Trinidad and Tobago (UCTP Taino News) – A delegation of 10 Indigenous leaders traveled to Trinidad to attend the Organization of American States (OAS) 5th Summit of the Americas from April 17 to 19, 2009. The delegation’s intention was to further develop critical partnerships with States while presenting the views of millions of Indigenous Peoples from throughout the Americas. These views were encapsulated in a Declaration and Plan of Action developed at an Indigenous Leaders Summit, which took place in Panama City preceding the OAS Summit. While Trinidad’s Prime Minister Patrick Manning publicly declared his desire for the Summit to achieve prosperity for the peoples of the Americas with commitment and mutual respect, the Indigenous leaders experienced discriminatory exclusion.

Even at the parallel “Civil Society Summit” and other events leading into the 5th Summit, it was not possible for Indigenous Peoples to effectively participate because the government of Trinidad and Tobago would not accommodate the Indigenous Peoples Summit on site. The result of this exclusion was that the Indigenous leaders, representing millions of Indigenous Peoples from across the Americas, were not even considered “delegates” unlike members of civil society, youth, business and private sector delegates. Incredibly, a last minute decision by Trinidad's National Secretariat to increase the number of delegates from civil society from 10 to 40 individuals in the Forum with Ministers was not extended to Indigenous Peoples.

While much of the world was focused on the communications between U.S. President Barack Obama and Venezuelan President Hugo Chavez, the Indigenous Leaders noted that the final 5th States Summit Declaration of Commitment failed to address Indigenous Peoples, despite the theme “Securing our Citizens’ Future by Promoting Human Prosperity, Energy Security and Environmental Sustainability.”

In the development of the Declaration of Commitment by State Governments, there were initially three brief references to Indigenous Peoples in the area of health, education and the draft American Declaration on the Rights of Indigenous Peoples. In the final Declaration of Commitment, only two paragraphs refer to Indigenous Peoples, one which supports “voluntary” corporate social responsibility best practices, involving dialogues between the corporate sector, governments and Indigenous “groups”, and one that commits to the adoption of the American Declaration on the Rights of Indigenous Peoples.

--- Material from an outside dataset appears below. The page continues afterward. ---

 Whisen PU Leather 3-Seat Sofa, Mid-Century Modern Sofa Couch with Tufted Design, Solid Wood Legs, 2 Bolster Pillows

Commenting on the process and the State Summit Declaration, Assembly of First Nations Grand Chief Edward John voiced his disappointment: “We saw the 5th Summit as an opportunity to work in partnership with States of the Americas for the betterment of our people and securing a future where Indigenous Peoples are treated with respect and equality. But if our experience at the 5th Summit is any indication of the States’ intentions, we have a long way to go. Indeed, the 5th Summit represents a step backwards for recognition of Indigenous Peoples. At the 4th State Summit in Mar del Plata, Argentina in 2005, Indigenous Leaders were given the respect we deserve and had an opportunity to speak directly to Heads of States.”

Another member of the Indigenous delegation, H├ęctor Huertas, a Kuna leader from Panama stated "We have a clear vision of the path to follow and we will continue meeting with the OAS and its Member States in order to ensure that they comply with their international obligations in relation to Indigenous rights and their implementation in these American States. We will be vigilant that the 6th Summit be a space to measure the true fulfillment of the States’ commitment against violence and discrimination towards Indigenous peoples.”

The 5th Summit of the Americas was the first time a Summit of the Americas was held in a Caribbean state.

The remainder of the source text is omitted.